For me, the best definition of the New England Conscience was one stated by the late Mary Peabody, mother of Governor Endicott Peabody and wife of Malcolm Peabody, Episcopal bishop of central New York. Remember when, sometime during the early 1960’s she went to St. Augustine, Florida, and, at age seventy-two, ended up in jail as a result of the Civil Rights demonstration at a local restaurant? As I recall, there were many people across America at that time who considered her as simply a meddling, do-gooding old coot looking for headlines. But I think most New Englanders knew better.
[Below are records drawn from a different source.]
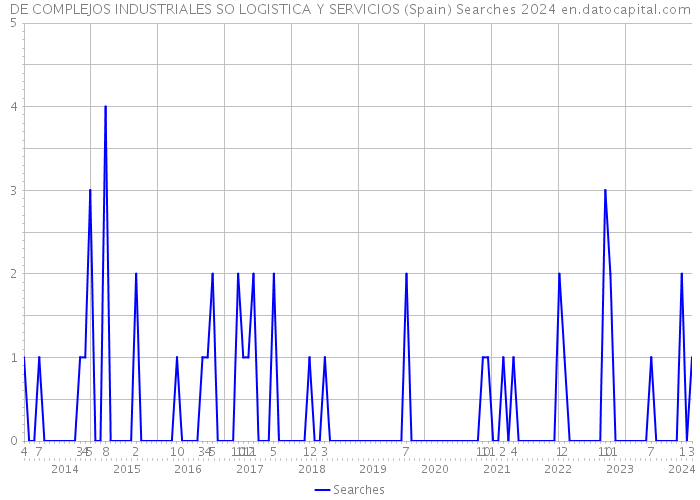 DE COMPLEJOS INDUSTRIALES SO LOGISTICA Y SERVICIOS (Spain) Searches 2024 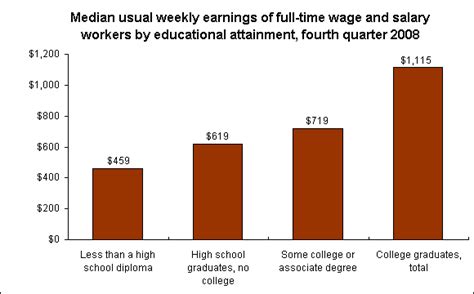 Charting Earnings And Education For Us Workers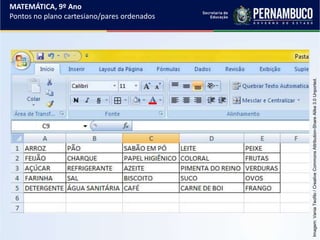 MATEMÁTICA, 9º Ano
Pontos no plano cartesiano/pares ordenados
Imagem:VaniaTeofilo/CreativeCommonsAttribution-ShareAlike3.0Unported.
 
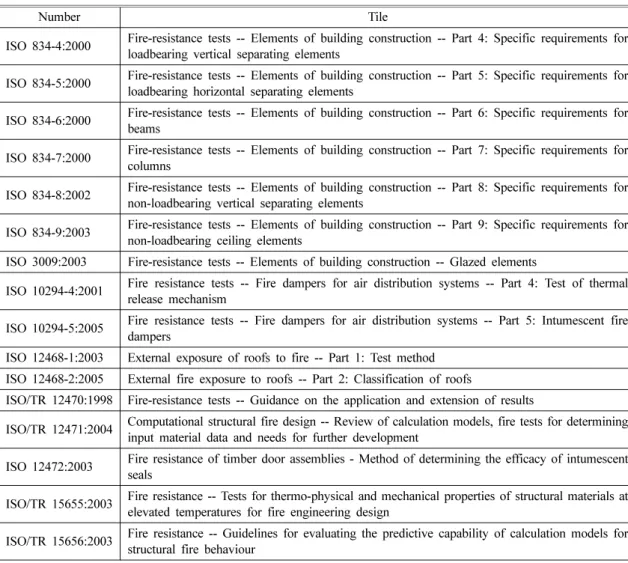 Table 2.  ISO Standards Made from SC2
They knew she was sincere.
“Do your duty, do your part in life – that’s what being a New Englander means to me,” she told my Dublin, N.H. neighbor, author Richard Meryman, when he talked with her in her Cambridge home fourteen years later. “Doing your duty, caring for things that are good and true, being a terrible prig, I suppose.”
The fuel shortage of the 1970’s had begun at the time of Meryman’s Yankee Magazine interview. “I don’t allow myself a fire if I don’t have anyone here,” said this frail, then eighty-six-year-old widow lady as she sat covered by a shawl, the thermostat set at sixty, in her ancestral home surrounded by memorabilia of her distinguished, wealthy, and influential ancestors.
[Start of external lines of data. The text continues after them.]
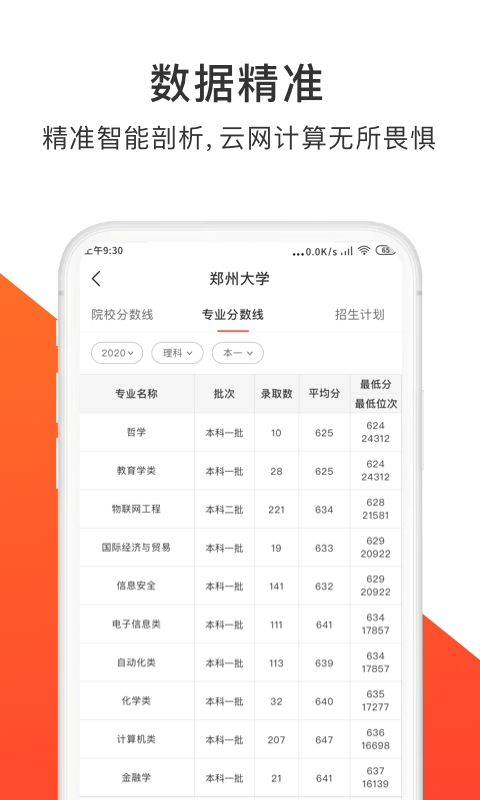 高考志愿指導(dǎo)君2022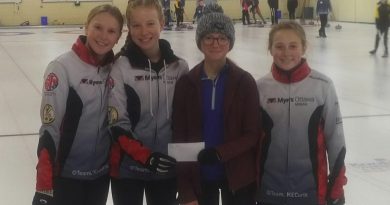 Team LIKE poses after their Pembroke victory. From left are Erika Wainright (12, skip), Katrina Frlan (12, vice), Samantha Wall (12, super spare, lead), Lauren Norman (11, second). Absent was Isabella McLean (12, second). Courtesy Team LIKE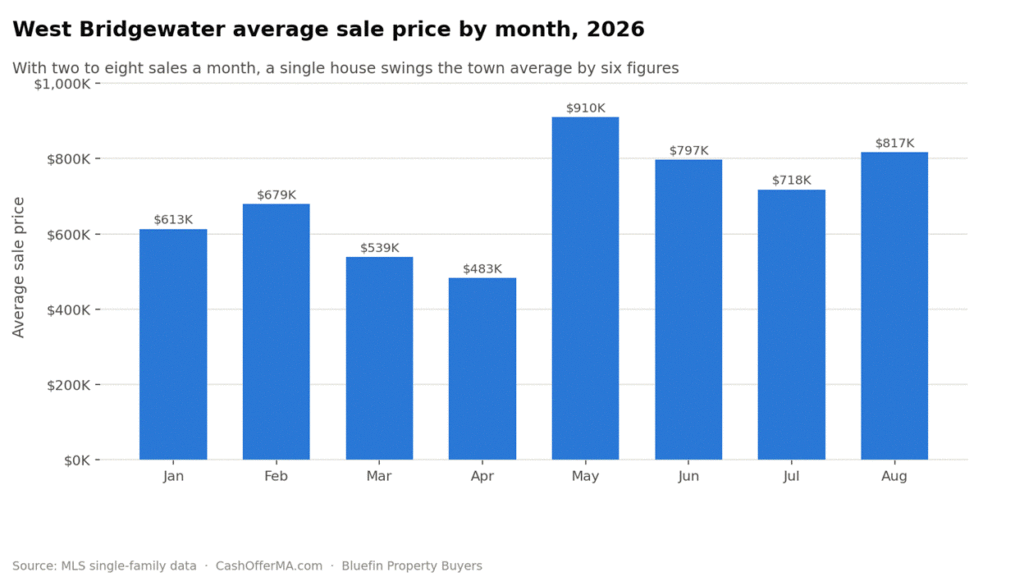 Bar chart of West Bridgewater average sale price by month in 2026, ranging from $483,000 in April to $910,000 in May, illustrating volatility caused by two to eight sales per month.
“In my mother-in-law’s Bible, after she died, I found a little note she had written to herself. It said ‘Remember to be cheerful.’ I think that’s very important, not to complain, to say you’re lonely all the time. All I say is, I’m cold all the time…I’m very frugal. Also the thing to do is save energy. So I put on layers like the Chinese. My layers of clothes.”
I remember that after reading this, I felt like calling upon John Winthrop, Cotton Mather or any of the old-time leaders of the Massachusetts Bay Colony to let poor old Mary Peabody off the hook. Enough of that Puritan ethic that’s passed down through so many generations. Why not tell her she can have a fire now? She could say she’s lonely, too. Let her alone, for heaven’s sake.
But, of course, that wouldn’t help. She would tell them how it ought to be. She didn’t need “permission” from anybody, past or present. For Mary Peabody, the only voice of authority was that which was deep within her – the voice of her New England Conscience.
Somehow, subtly, mysteriously I believe the New England Conscience (or call it what you will) remains within people of every faith throughout America today. It’s our strength, our leg-up on those who would do us harm.
Merry Christmas, everyone, and Happy Hanukkah, too.